There are many types of Traction Battery Technologies:
1. Lead Acid Batteries (PzS – PzB)
These are the most common type of traction battery for forklifts and MHE. It makes use of vented lead acid batteries with a liquid electrolyte.
2. Pure Lead Carbon Batteries
Generally, these batteries require lower maintenance than other types of traction batteries, by utilising almost pure lead. With the addition of carbon these batteries can recharge very fast and produce high power when discharged. They can operate in harsh conditions and deliver good performance in cold conditions.
3. Gel Batteries
Usually used in most industries that require a fully sealed battery with no gas emissions. Gel batteries utilise gel electrolytes, which makes them suitable for solar, semi-traction and standby applications.
4. Lithium-Ion Phosphate Batteries
Lithium-Ion Phosphate batteries (LiPO4) are very light weight and have a very high energy density, combined with a very high cycle life and a very high charge/discharge efficiency (up to 2 hours charge time following a full discharge). This makes the LiPO4 battery the ideal battery choice for traction and MHE applications.

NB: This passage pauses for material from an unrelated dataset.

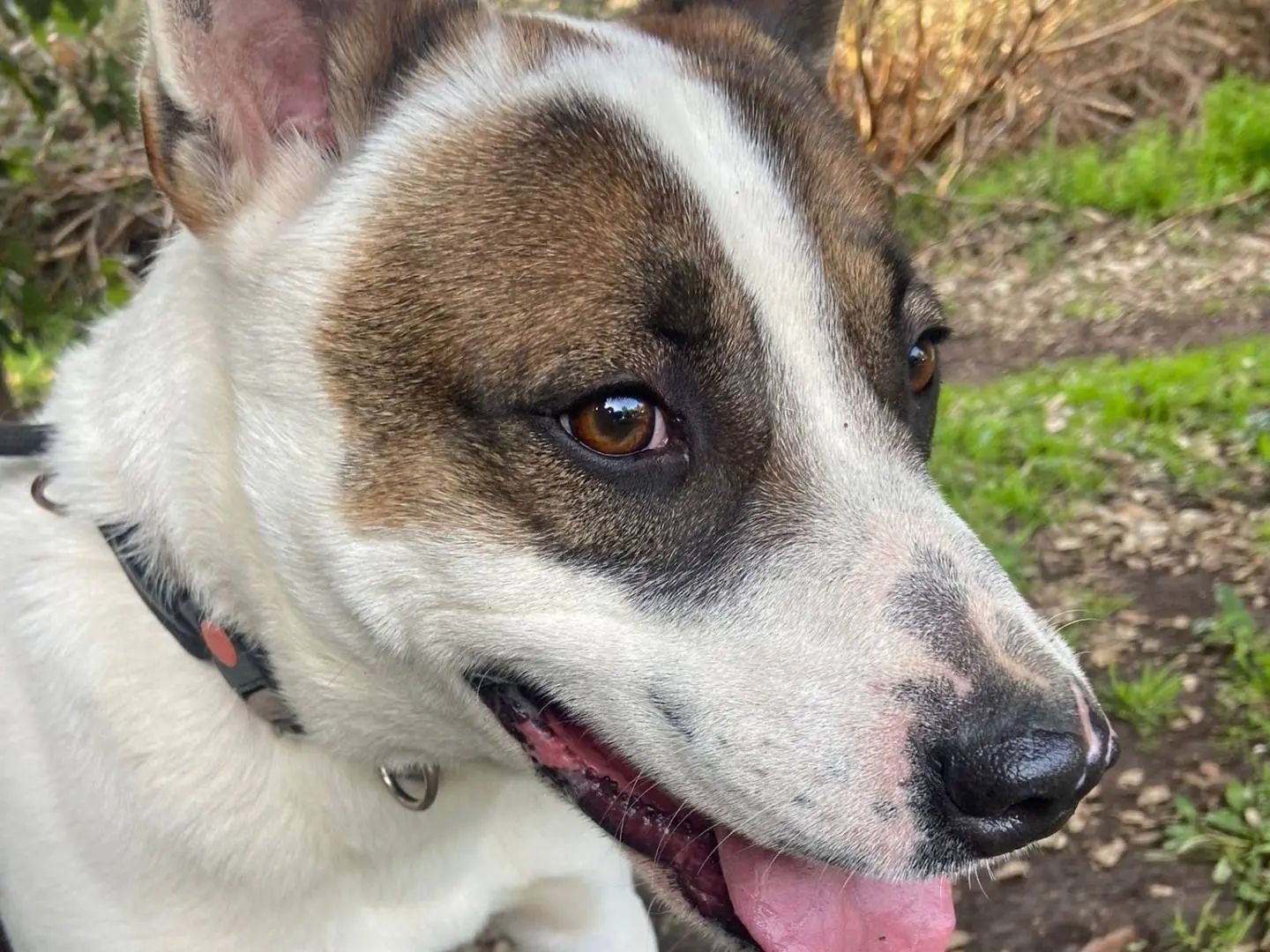 Adotta un cane, maschio, 6 anni e 4 mesi, Roma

What is a traction battery choice for your Electric Vehicle?
Forklift trucks have battery containers which are standard sizes based on multiples of the appropriate cell dimensions. Considerations when choosing a suitable battery go beyond simply choosing the right capacity, which of course is critical. Other factors which influence battery choice include:
- The make and size of forklift
- Length of operation
When charging forklift batteries, it is very important to follow the instructions in the traction battery manual of the forklift and the traction battery user manual. General safety precautions require that you use personal protective equipment like full shield eye goggles, rubber gloves, and nose mask. This is to avoid accidental contact with the acid electrolyte. Remove all loose-fitting metallic ornaments like bangles or necklaces to avoid any accidental contact and to avoid short circuits and sparks which may cause hydrogen gas ignition.